## [TASK REQUIREMENTS]
Retype the data below verbatim; pictures do not belong in the copy.
-----
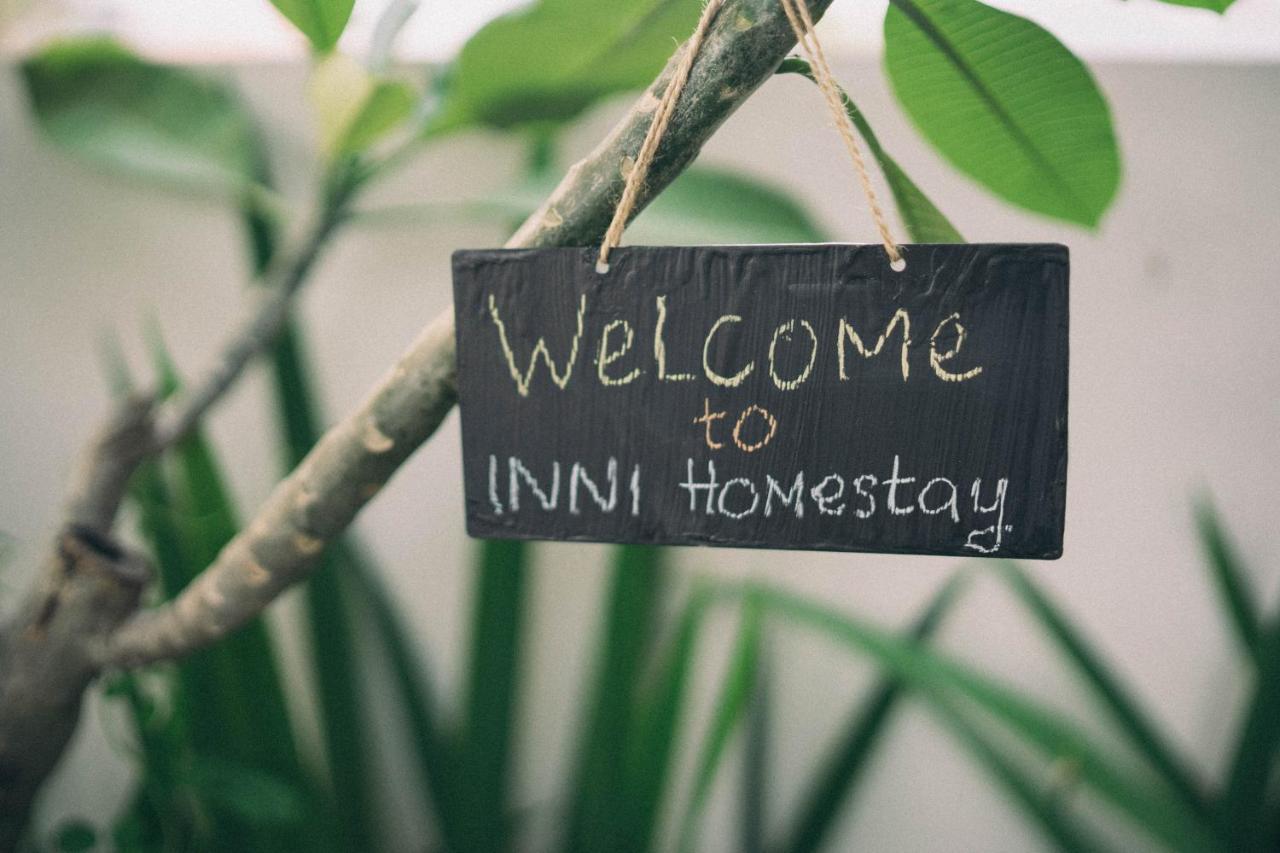 Inni Homestay Malang Esterno foto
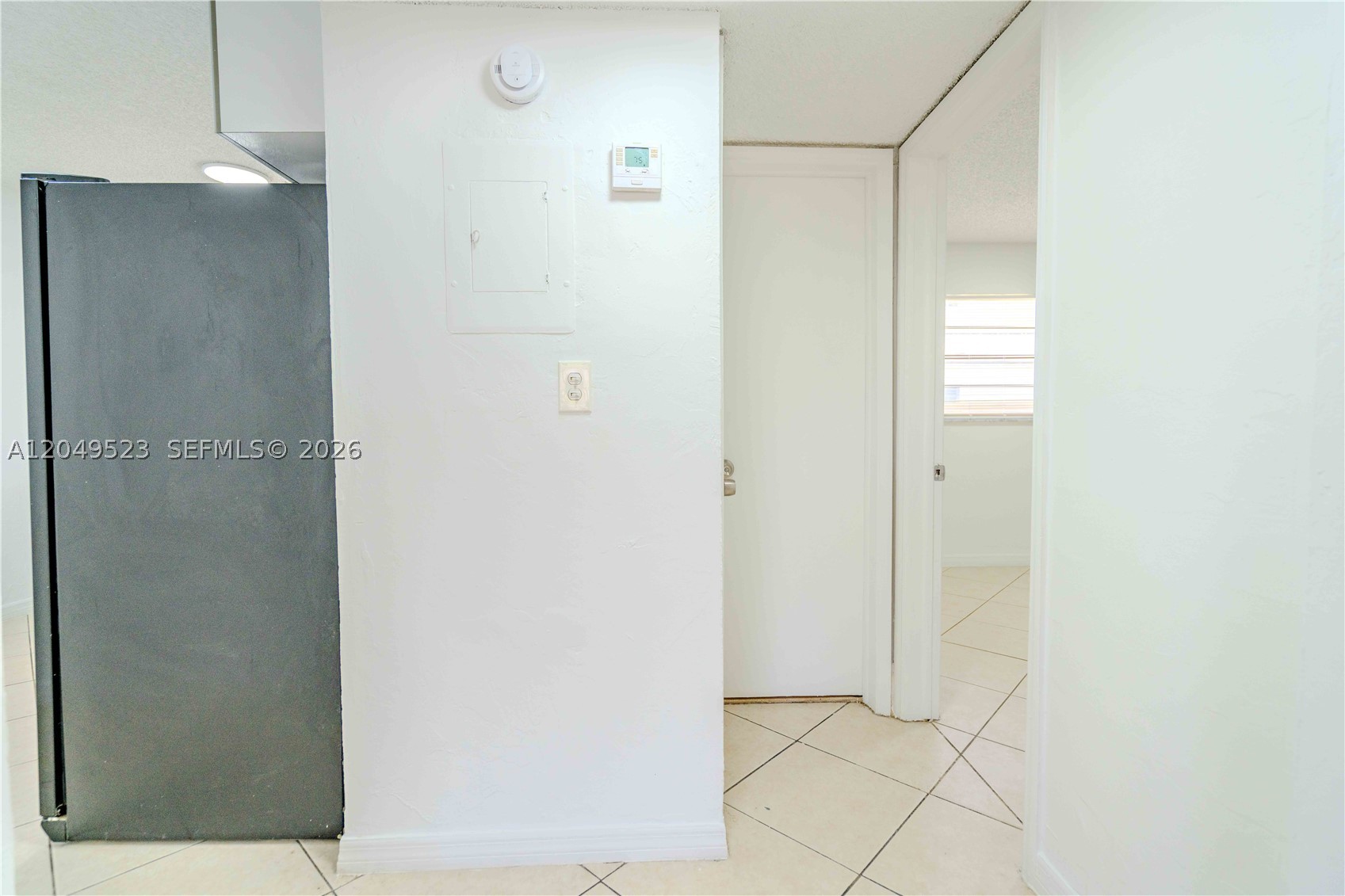 CHATEAU GROVE CONDO - Residential Lease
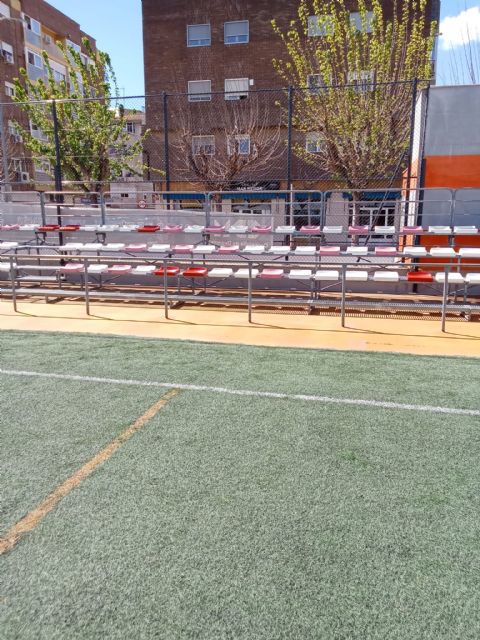 El Ayuntamiento de Murcia mejora las instalaciones deportivas con la reposición de 250 asientos - 1, Foto 1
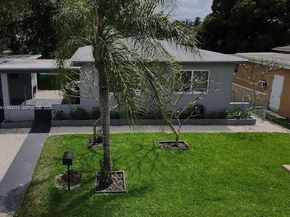 266 NE 162nd St, Miami FL 33162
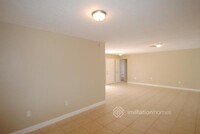 8510 NW 24th Ct in Sunrise, FL - Foto de edificio - Building Photo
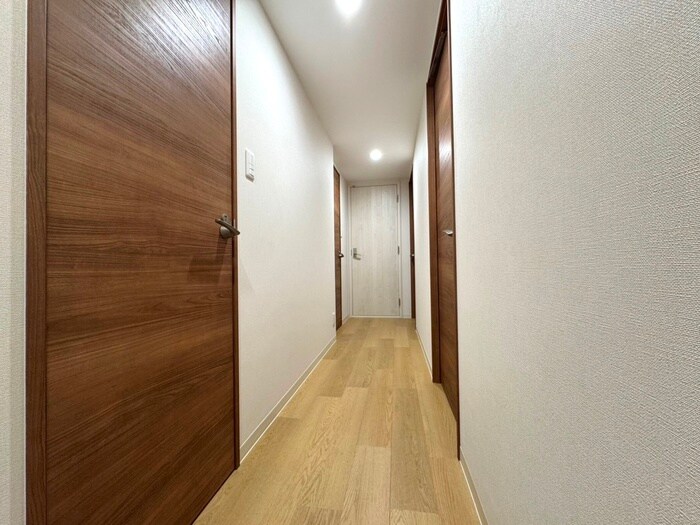 物件内観写真21　(廊下)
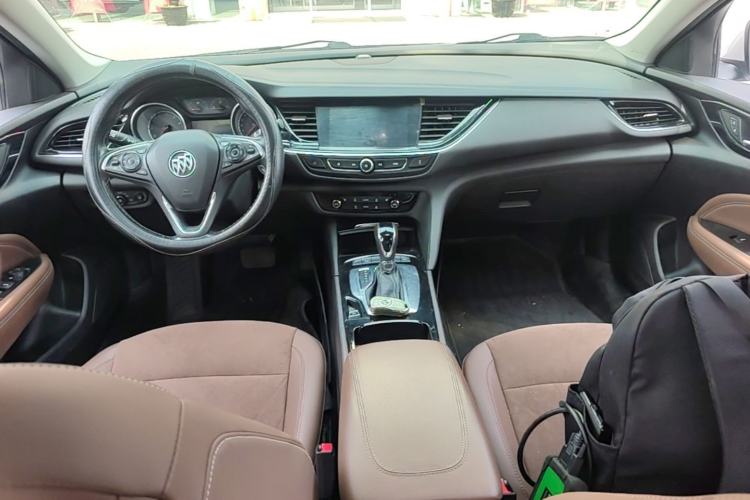 Used Buick Regal 2019 20T Elite Version China VI Standard Center Console
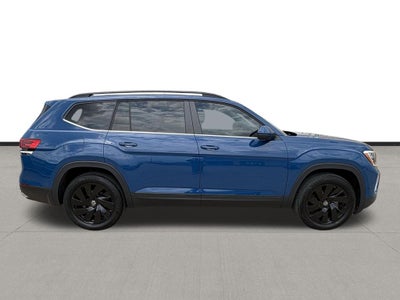 2025 Volkswagen Atlas 2.0T SE w/ Technology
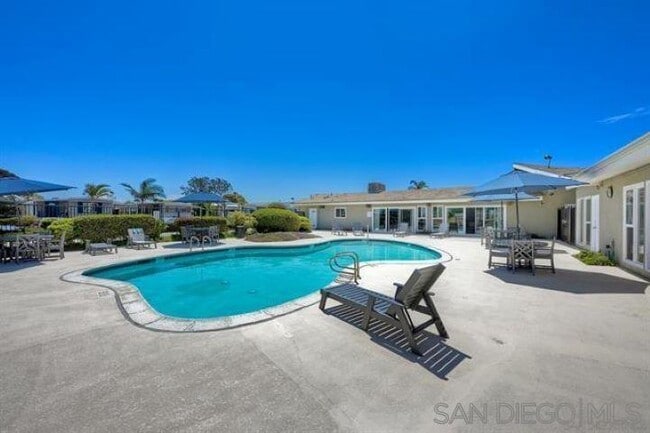 Building Photo - 6550 Ponto Dr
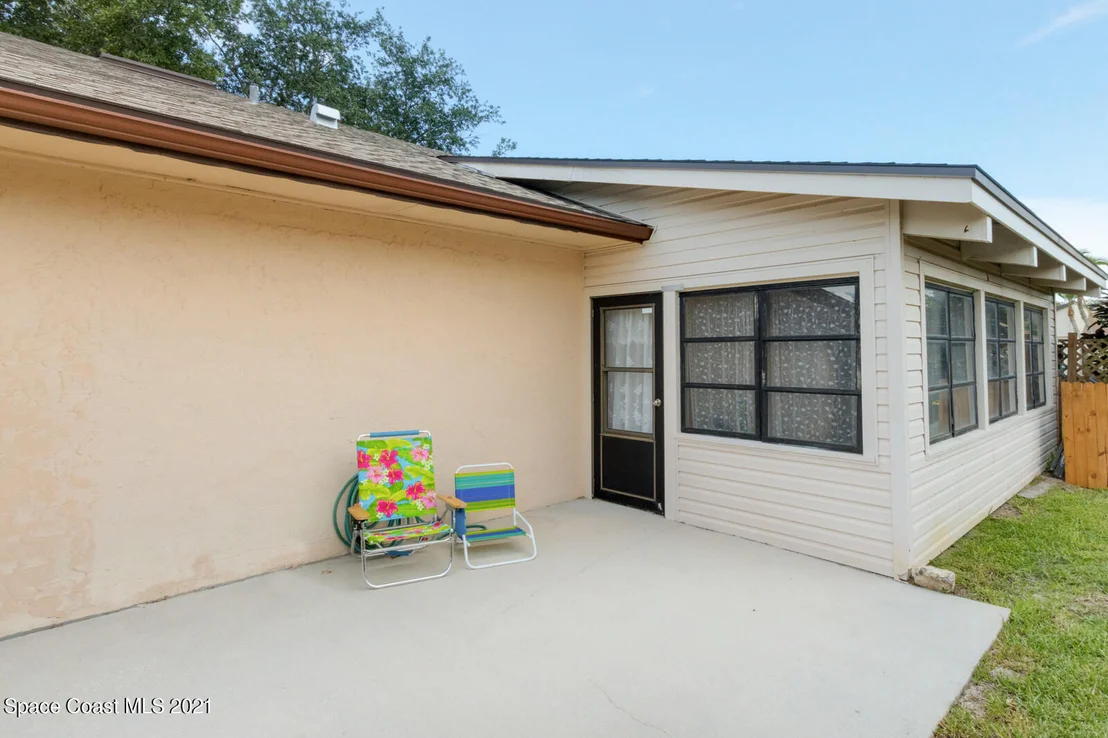 Photo of 340 Bayhead Drive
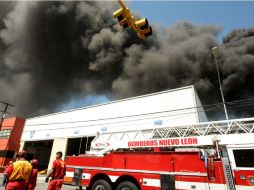 Bomberos resguardan la zona para evitar otros accidentes. EL UNIVERSAL  /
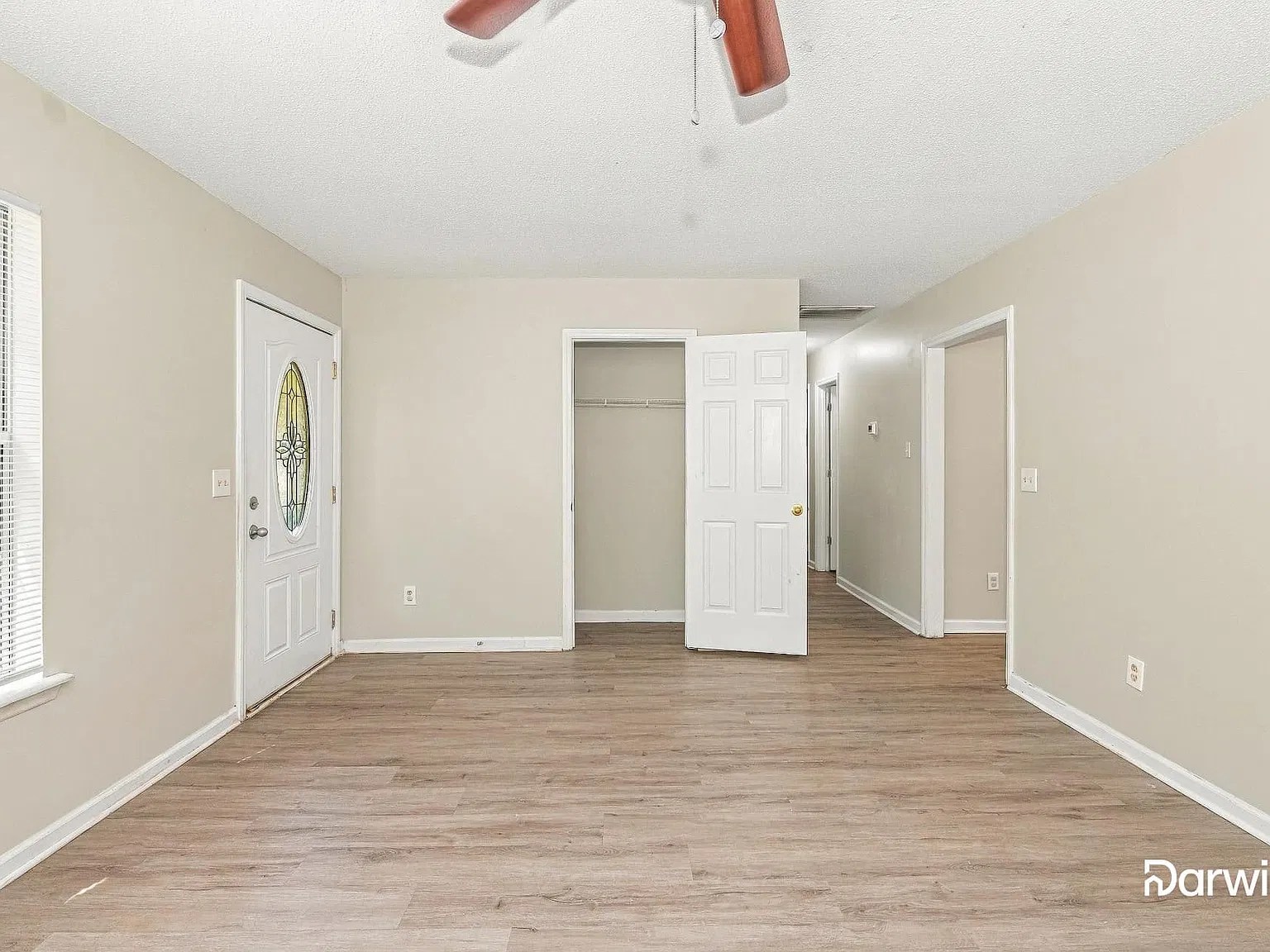 3 bed, 2.0 bath, 1085 sqft, $1,830 — Photo 4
-----
## [ANSWER TO THIS PROBLEM]
 Inni Homestay Malang Esterno foto
 CHATEAU GROVE CONDO - Residential Lease
 El Ayuntamiento de Murcia mejora las instalaciones deportivas con la reposición de 250 asientos - 1, Foto 1
 266 NE 162nd St, Miami FL 33162
 8510 NW 24th Ct in Sunrise, FL - Foto de edificio - Building Photo
 物件内観写真21　(廊下)
 Used Buick Regal 2019 20T Elite Version China VI Standard Center Console
 2025 Volkswagen Atlas 2.0T SE w/ Technology
 Building Photo - 6550 Ponto Dr
 Photo of 340 Bayhead Drive
 Bomberos resguardan la zona para evitar otros accidentes. EL UNIVERSAL  /
 3 bed, 2.0 bath, 1085 sqft, $1,830 — Photo 4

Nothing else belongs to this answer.